- **Task**:
Word for word, please copy the listing below, with its pictures left out.
Content starts
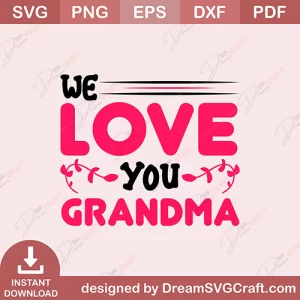 We Love You Grandma SVG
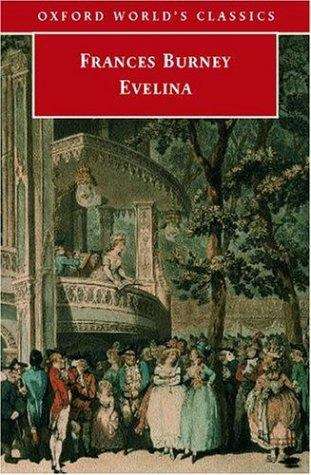 Evelina: The History Of A Young Lady's Entrance Into The World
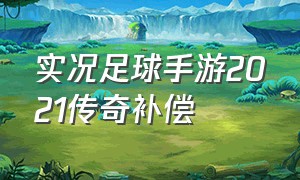 实况足球手游2021传奇补偿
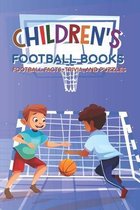 Children's Football Books: Football Facts, Trivia, And Puzzles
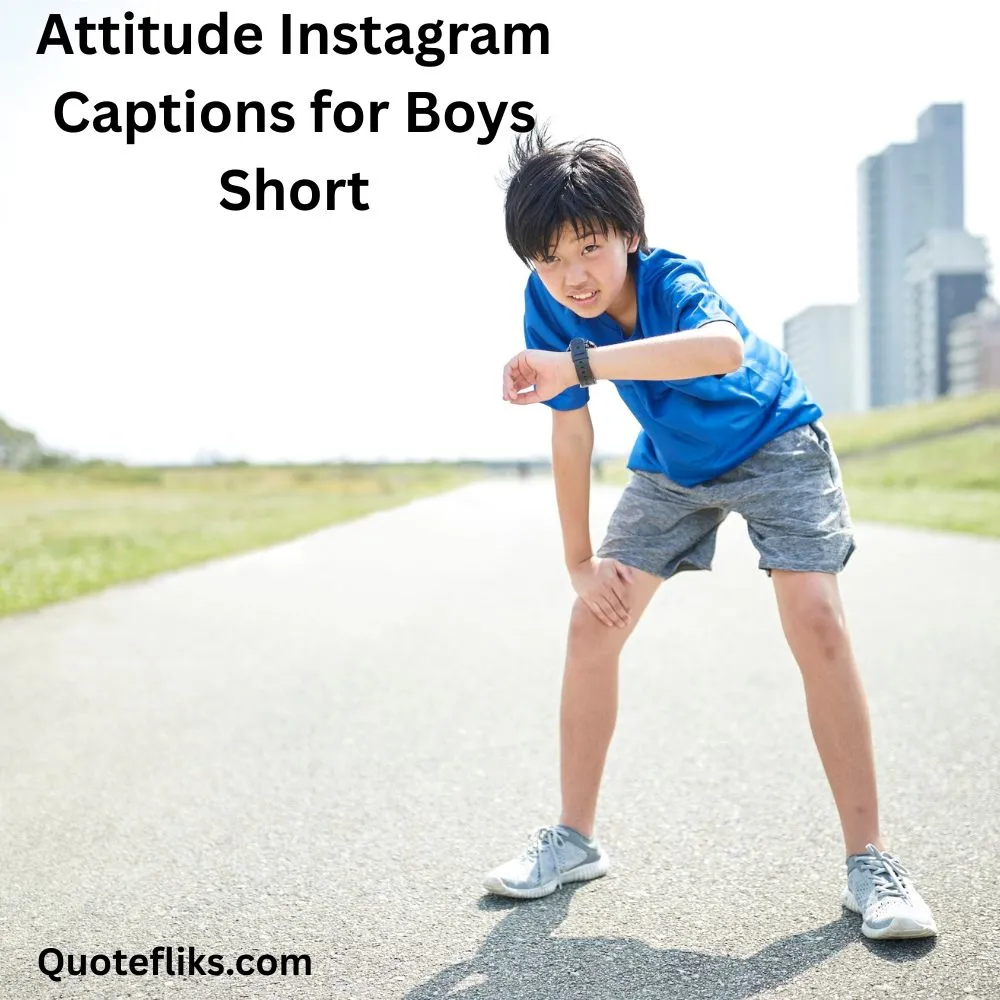 Attitude Instagram Captions for Boys Short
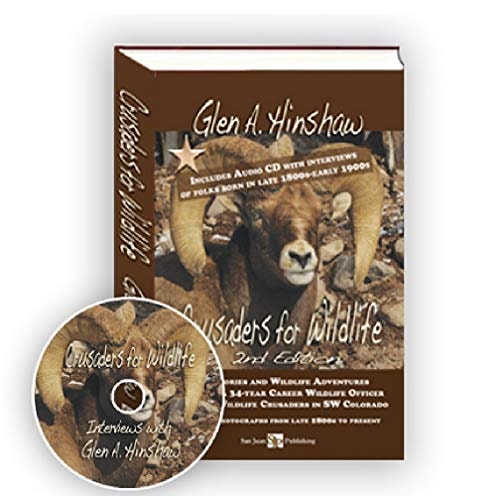 Crusaders For Wildlife, 2nd Edition. by Glen A. Hinshaw. From San Juan Publishing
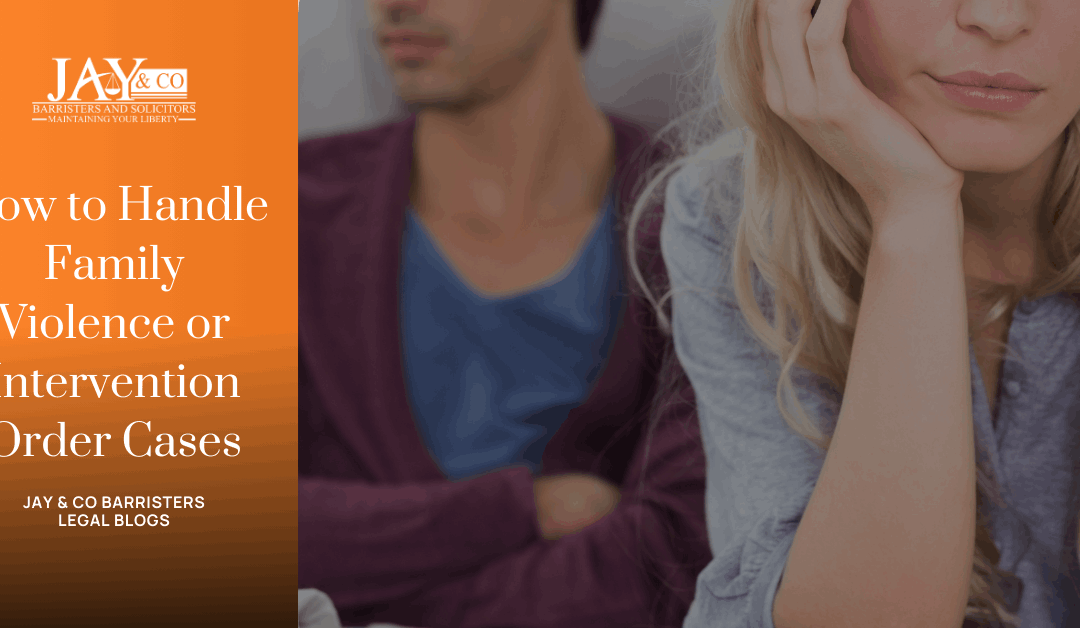 How to Handle Family Violence or Intervention Order Cases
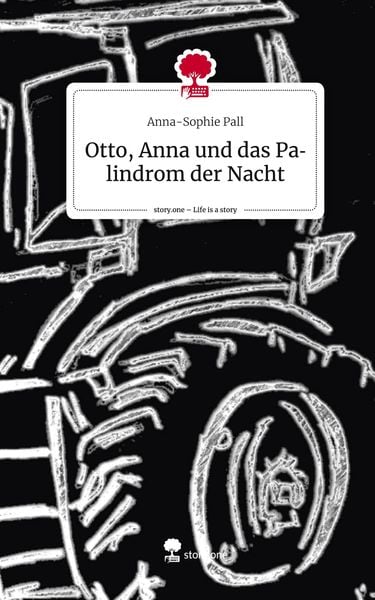 Produktbild: Otto, Anna und das Palindrom der Nacht. Life is a Story - story.one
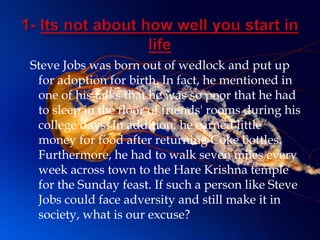 Steve Jobs was born out of wedlock and put up
 for adoption for birth. In fact, he mentioned in
 one of his talks that he was so poor that he had
 to sleep in the floor of friends' rooms during his
 college days. In addition, he earned little
 money for food after returning Coke bottles.
 Furthermore, he had to walk seven miles every
 week across town to the Hare Krishna temple
 for the Sunday feast. If such a person like Steve
 Jobs could face adversity and still make it in
 society, what is our excuse?
 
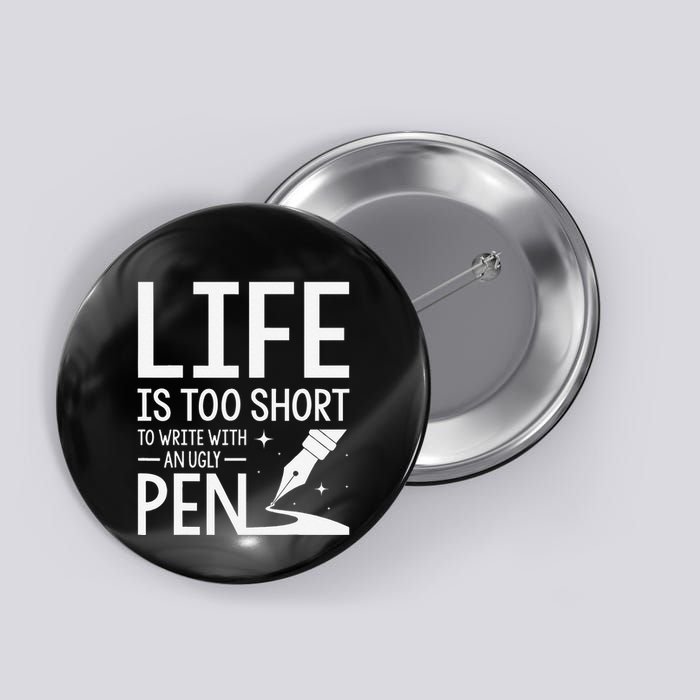 Life Is Too Short To Write With An Ugly Pen Funny Gift Button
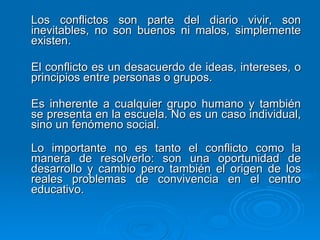 Los conflictos son parte del diario vivir, son inevitables, no son buenos ni malos, simplemente existen. El conflicto es un desacuerdo de ideas, intereses, o principios entre personas o grupos. Es inherente a cualquier grupo humano y también se presenta en la escuela. No es un caso individual, sino un fenómeno social. Lo importante no es tanto el conflicto como la manera de resolverlo: son una oportunidad de desarrollo y cambio pero también el origen de los reales problemas de convivencia en el centro educativo. 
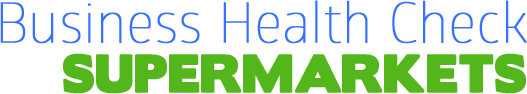 Business Health Check – Supermarkets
Content ends
- **Problem solution**:
 We Love You Grandma SVG
 Evelina: The History Of A Young Lady's Entrance Into The World
 实况足球手游2021传奇补偿
 Children's Football Books: Football Facts, Trivia, And Puzzles
 Attitude Instagram Captions for Boys Short
 Crusaders For Wildlife, 2nd Edition. by Glen A. Hinshaw. From San Juan Publishing
 How to Handle Family Violence or Intervention Order Cases
 Produktbild: Otto, Anna und das Palindrom der Nacht. Life is a Story - story.one
 Steve Jobs was born out of wedlock and put up
 for adoption for birth. In fact, he mentioned in
 one of his talks that he was so poor that he had
 to sleep in the floor of friends' rooms during his
 college days. In addition, he earned little
 money for food after returning Coke bottles.
 Furthermore, he had to walk seven miles every
 week across town to the Hare Krishna temple
 for the Sunday feast. If such a person like Steve
 Jobs could face adversity and still make it in
 society, what is our excuse?
 
 Life Is Too Short To Write With An Ugly Pen Funny Gift Button
 Los conflictos son parte del diario vivir, son inevitables, no son buenos ni malos, simplemente existen. El conflicto es un desacuerdo de ideas, intereses, o principios entre personas o grupos. Es inherente a cualquier grupo humano y también se presenta en la escuela. No es un caso individual, sino un fenómeno social. Lo importante no es tanto el conflicto como la manera de resolverlo: son una oportunidad de desarrollo y cambio pero también el origen de los reales problemas de convivencia en el centro educativo. 
 Business Health Check – Supermarkets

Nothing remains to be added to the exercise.